Tech IndustryJul 18, 2019

Is it common to have multiple tables inside each 'logical shard' ?

When reading https://instagram-engineering.com/sharding-ids-at-instagram-1cf5a71e5a5c I came across this quote: "Each ‘logical’ shard is a Postgres schema in our system, and each sharded table (for example, likes on our photos) exists inside each schema." Setting aside specific settings in Postgres for a minute, and just consider this abstractly: is it saying that for each 'logical shard', it'll contain multiple tables (photos, users, etc)? So if they have 100 logical shards, then each shard would contain a table called Photos, and another table called Users (just an example, could have more tables)? And within each logical shard, its Photos table and Users table would contain a subset of all Photos and all Users ? So if a user snaps a photo and wants to upload, it'll first find the shard ID by hash(userId) % N (N number of logical shards), and go to Shard number N, and then update its Photos table and Users table respectively, except it'll attach the shard ID to the photoID when updating the photos table. So when the grokking system interview case study says 'we can shard by UserId or PhotoId', they mean: we can apply a hash function to either a given userId or photo Id, and find the logical shard, and inside the logical shard, we will still have to update both the users table and photos table? And whatever ID (userId or photoID) we decide to shard by, we'll have to find a way to append the shardID to the other ID if we ever want to search by the other ID. Am I more or less correct? Anything fundamental that I misunderstood? Thanks

Sharding & IDs at Instagram
Sharding & IDs at Instagram
Instagram Engineering
Add a comment
Uber uber101 Jul 18, 2019

its listed at lot of places for simplicity but its bad practice to shard your data based on an attribute value like userID or photoID. sharding should be independent of actual data, should be determined based mostly on balancing storage, traffic evenly across shards

Facebook vjuiu Jul 18, 2019

Lol, wtf... you are sharding on what exactly?

Chase piv OP Jul 19, 2019

That point aside is my understanding regarding logical shard and multiple tables correct?
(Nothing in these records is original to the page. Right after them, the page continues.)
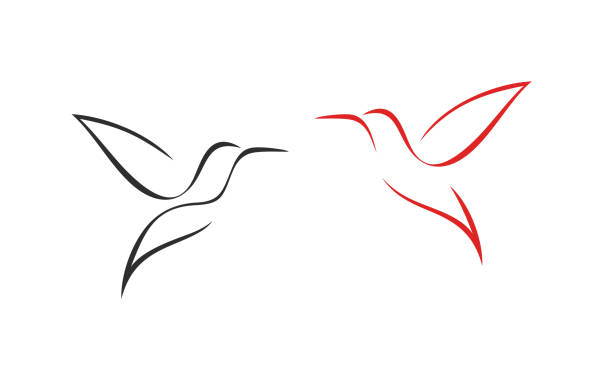 Hummingbird logo. Isolated hummingbird on white background. Outline EPS 10. Vector illustration hummingbird stock illustrations
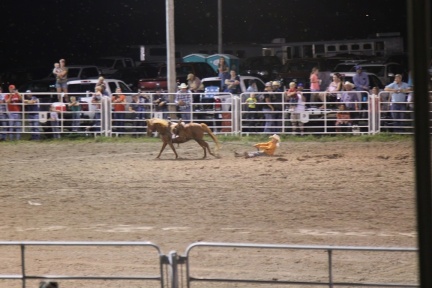 SE2017 027-standard-scale-1 45x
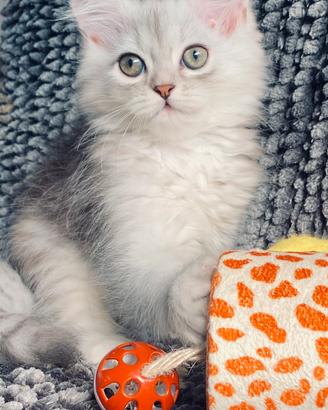 Gattina di gatti persiani normotipici femmina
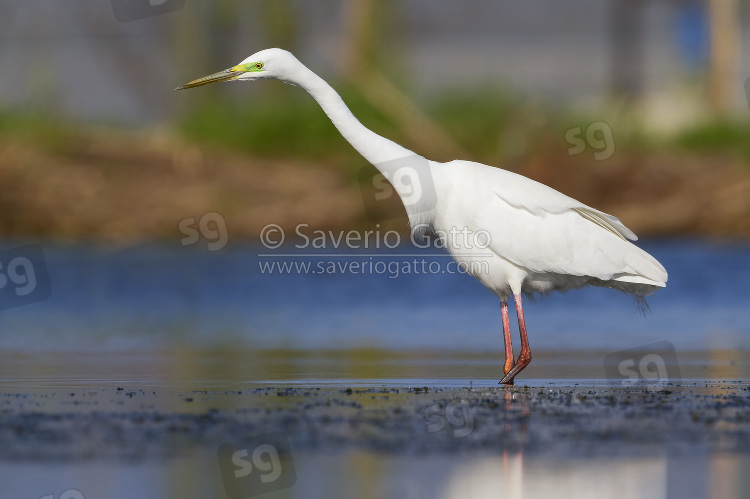 Airone bianco maggiore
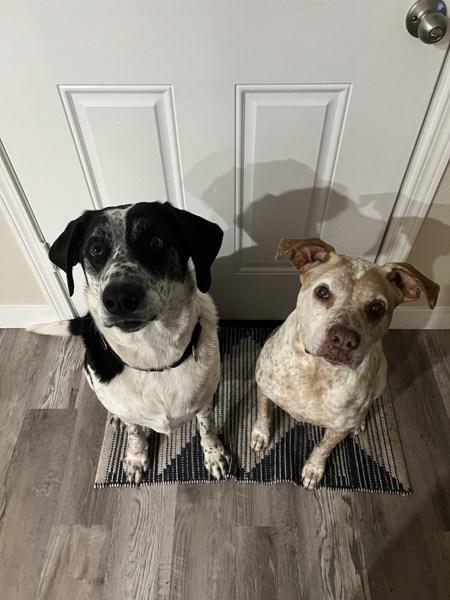 Enlarge Skippy, a Adoptable mixed breed in Vancouver, WA image 4/6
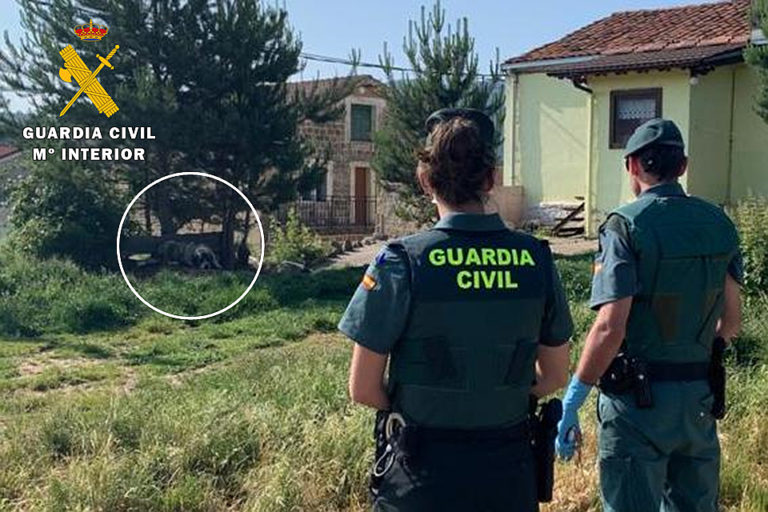 La Guardia Civil, el Ayuntamiento y el servicio provincial de recogida de animales intervienen y retiran 9 mastines peligrosos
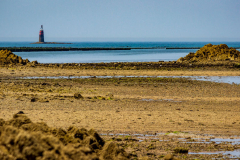 Cotentin-8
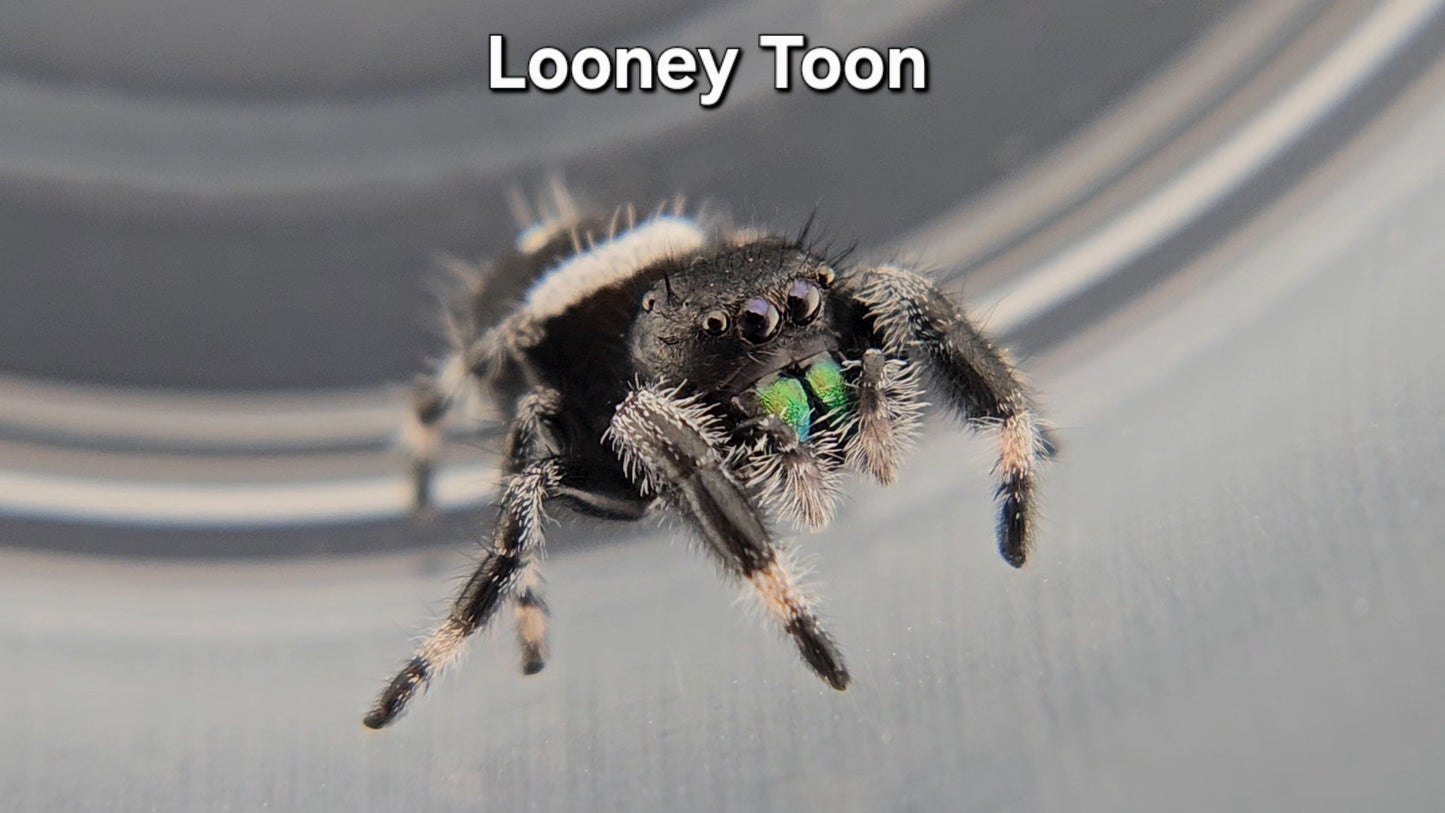 Looney Toon - Male Regal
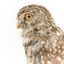 Ural Owl mounted on wooden perch pedestal with swing tag.The specimen's plumage is white, brown, grey and streaked.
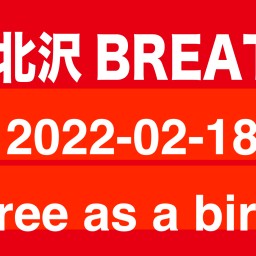 2021-02-18 Free as a bird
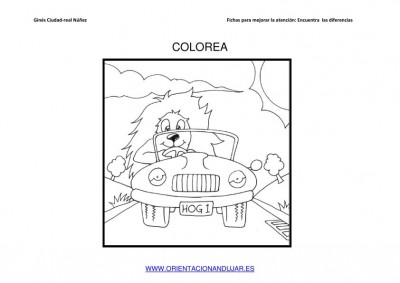 COLOREAR ORIENTACION ANDUJAR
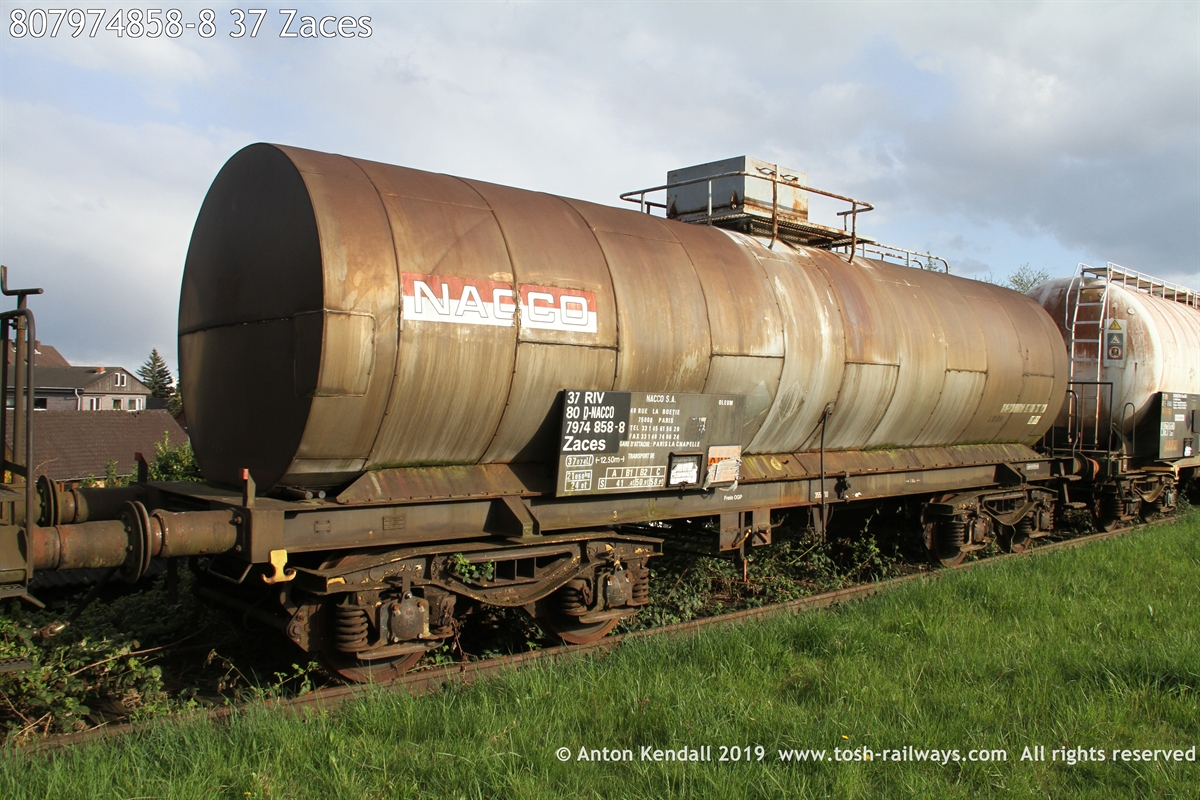 807974858-8_37 Zaces.JPG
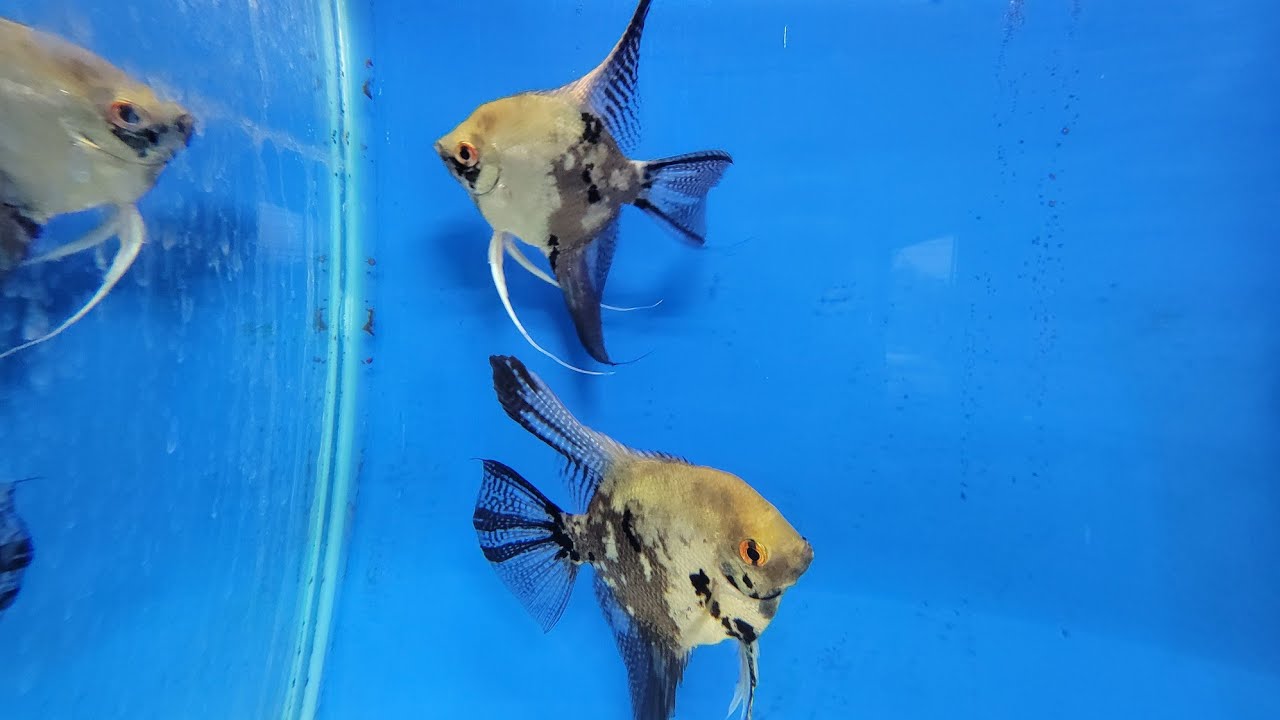 Субботний тур по магазину Boggs Aquatics 15.11.25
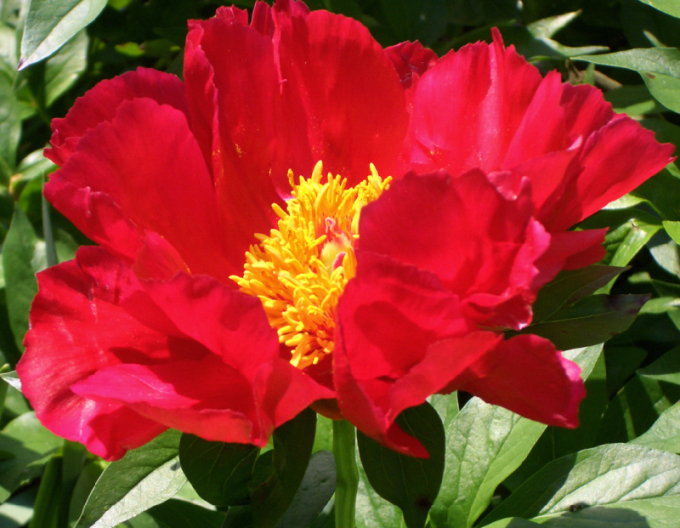 Pivonka čínska ´Blaze´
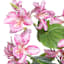 Purple Bauhinia Bush, 21"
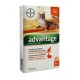 ADVANTAGE 40 CHAT ET LAPIN 6 PIPETTES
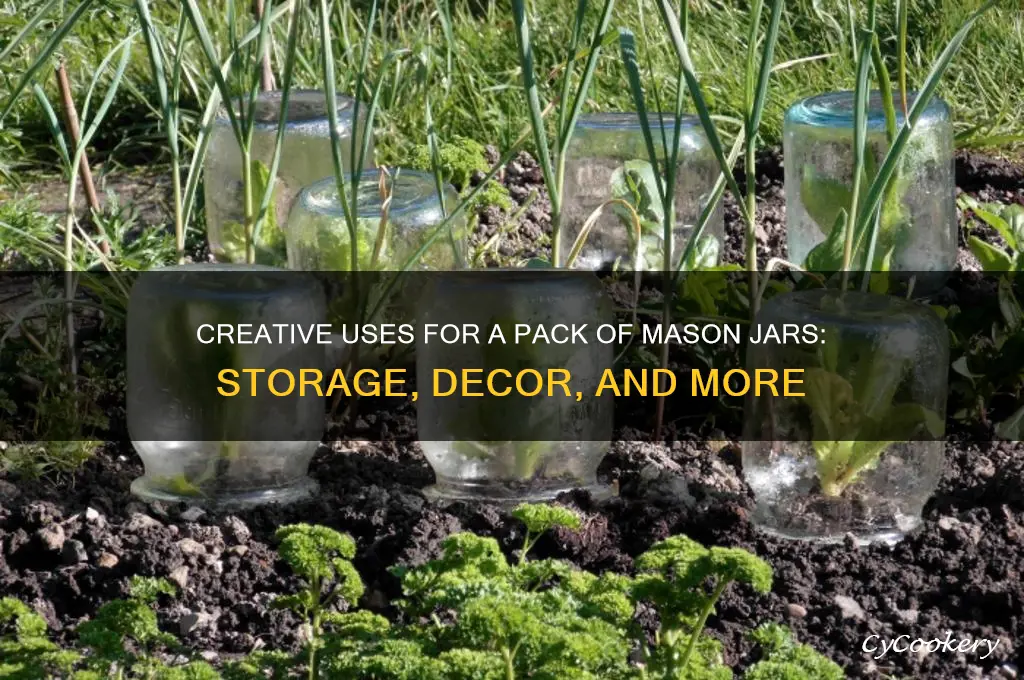 pack of mason jars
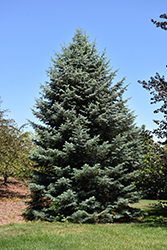 White Fir (Abies concolor) at Peter Knippel Garden Centre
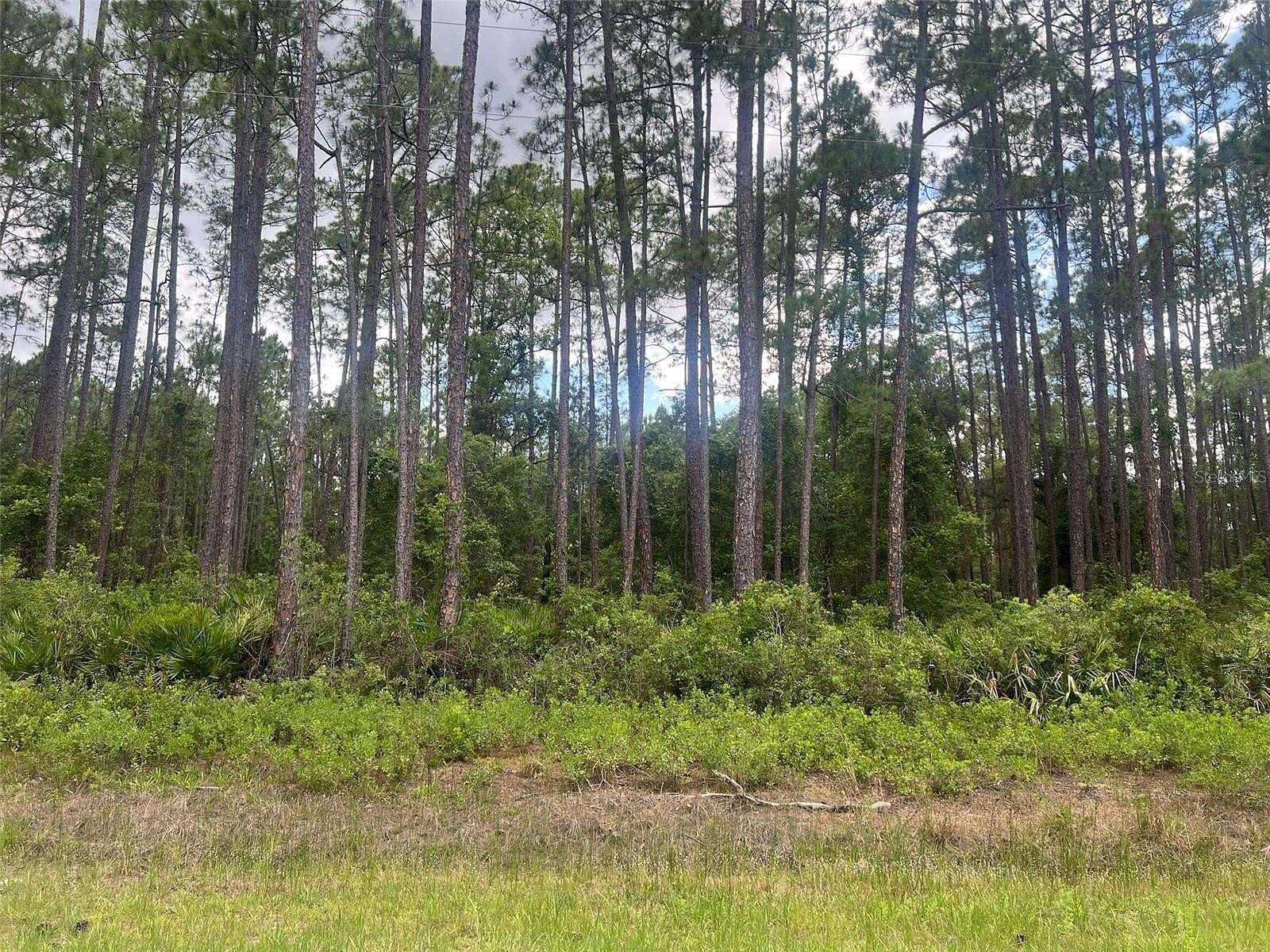0.23 Acres of Residential Land for Sale in Georgetown, Florida
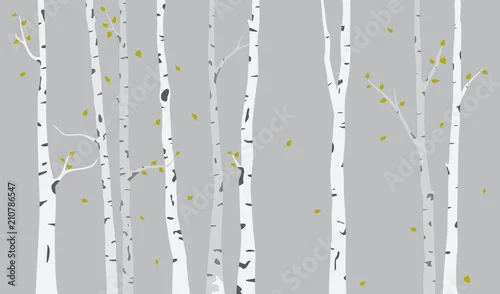 Obraz Tło sylwetka drzewa brzozy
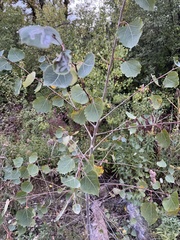 Populus grandidentata
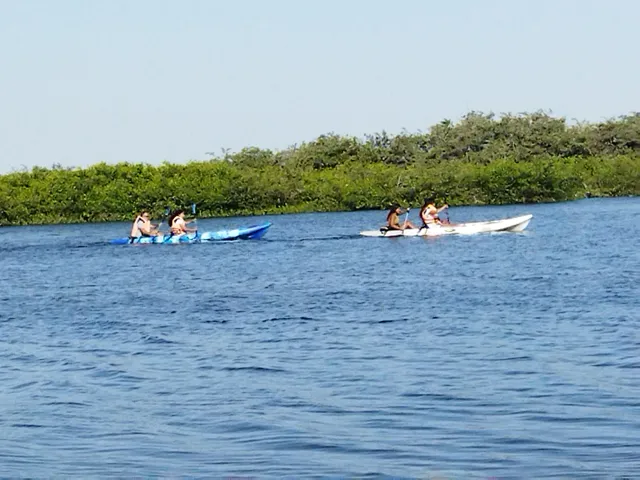 Manglares de Chulliyache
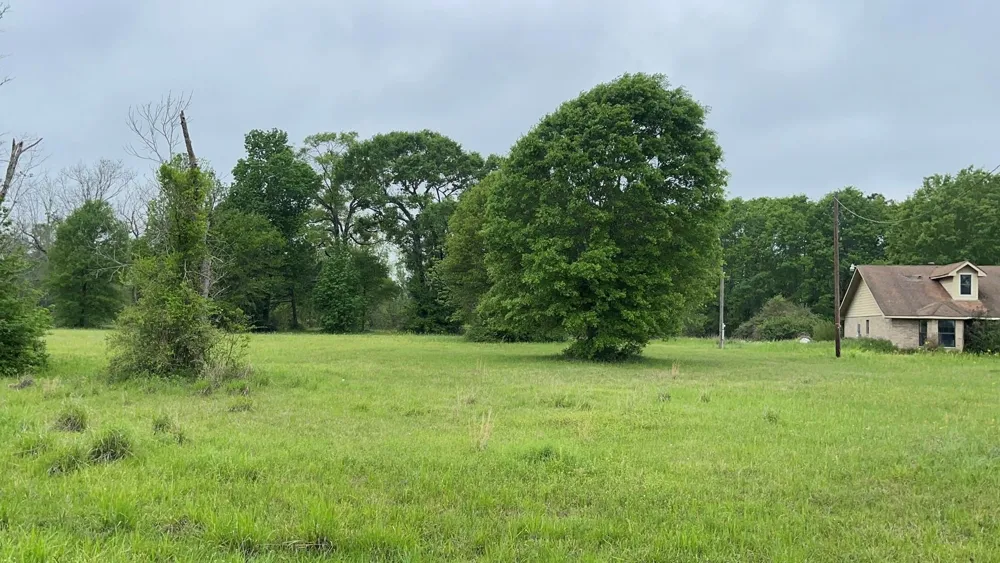 Fm 3342 Shepherd, TX 77371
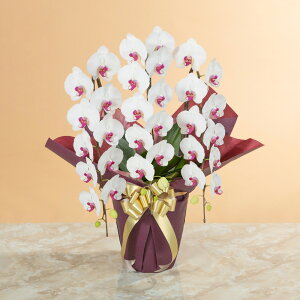 yӒz Au֌Ӓ3{iԃbvj`XyVNX`v  Mtg a LO v[g j Ԕ LO  t[Mtg 蕨 J AC i h] ݗ 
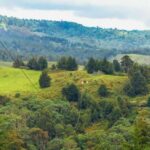 Punta Cana: Domitai Park Zipline, Buggy & Cenote Tour - Detailed Breakdown of the Tour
Twitter Oomnj Jul 18, 2019

You can and should have a separate ID generation service that has is almost sortable

Google crypt_hoe Jul 18, 2019

Such a snowflake

ABC Financial LLL30987 Jul 18, 2019

This article leaves a lot to the imagination. The sql function does not in fact set the shardId so we can assume that it is a partial example. It does not make clear if done by the database default value via the next_id() or if done in app code. After thoroughly reading the article, it gives the example of userId as the shard Id, which means all data would effectively use the userId to shard consistently. It does not explain how the sql function does this. So yes, I think your assumptions are correct.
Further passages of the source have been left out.